Here you can read all the cases:

  • March 5, departure from Fyllingsdalen: He goes to the Ukrainian border to transport refugees: – This will be very heavy
  • March 6, on the way to Poland: The heaviest means of transportation for a circus director: – I am very worried about those who are sitting in the explosive room
  • March 7, on the way to Poland: Evan has lists of everyone who will join: – I had to say no to many
  • March 7, shopping center in Poland: Shop toys and clothes for refugees: – People came and donated money to us when they went out
  • March 8, the border town of Zamosc in Poland: Marina’s son volunteered to serve in Kharkiv. Two days later, he was killed
  • March 8, Lupica Krolowska, near the border with Ukraine: Here is Evan (11). Now he is going to Bergen
  • March 8, Ukraine: Here, emergency aid advances in Ukraine
  • March 8, Poland, near the border with Ukraine: Here they just fled across the border: – We had to leave our parents
  • March 9: Germany on the Bergen Road: Witnessed the bombing in Kharkiv: – He decided to get away as much as possible

– Then he called my daughter-in-law Jörn Kvist, a theater director at the Villingsdalen Theater. His clear message was that we have to fix this. Since then, things have gone really fast in turns, and here we are, he says.

He borrowed a semi-trailer from Nistad Transport, which delivered the trailer directly in Fyllingsdalen. On Friday morning, volunteers from Bergen filled the trailer to the brim with emergency aid.

well organized

Together with Edvin Gunnar Øvrestrand from transport company Nistad, Jan Ketil Smørdal will drive directly to Ukraine.
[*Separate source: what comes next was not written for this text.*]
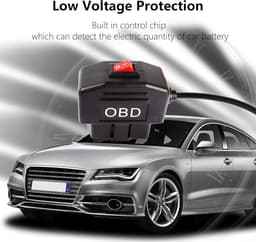 SnelShoppen - OBD2 Power Kabel voor Dashcam, Mini USB OBD2 Aansluiting Hardwired Oplader met Schakelaar - 3.5m 24 Uur Bewaking — thumbnail 5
There they will hand over everything they have collected.

– They organized themselves very well. Smurdale says they come with trucks and everything needed to load, so they can deliver whatever we have right to those who need it.

There has been little sleep the last days. A professional circus director is concerned about the situation of all who are in the midst of war.

– I can’t imagine what it would be like to meet them. It will be very powerful.

Jan-Ketil feels a tremendous responsibility towards those who have worked in his circus for countless years. He says he can’t do enough for them.

These artists must be with us in 2020 and 2021, and Circus Agora was never ready to travel around the world like he is now. But this was not true.

Semi-trailer drivers will drive as much as they can all the way to Ukraine. As buses head to the border to pick up refugees, Smørdal’s big goal is to safely cross the border with emergency assistance for a million kroner.

Jörn Kvist calls from Bergen. He has good news. Work to receive emergency aid in Ukraine is in full swing.

  • Here Ivan receives the terrible message on the bus:


– It’s very important that everything falls into place when we go there and get back as soon as possible, Smurdahl says after the phone with Kvist.

– We received the green light at the Ukrainian border for the delivery of emergency aid, both from the Ukrainian embassy and from our man on Ukrainian soil, says Jörn Kvist by phone from Bergen.

He also had good news for Jan-Ketil Smørdal:

– The person most closely related to Jan-Ketil from Ukraine comes to meet him. This means a lot to the father-in-law, and then they get a real doll hug to each other there and then.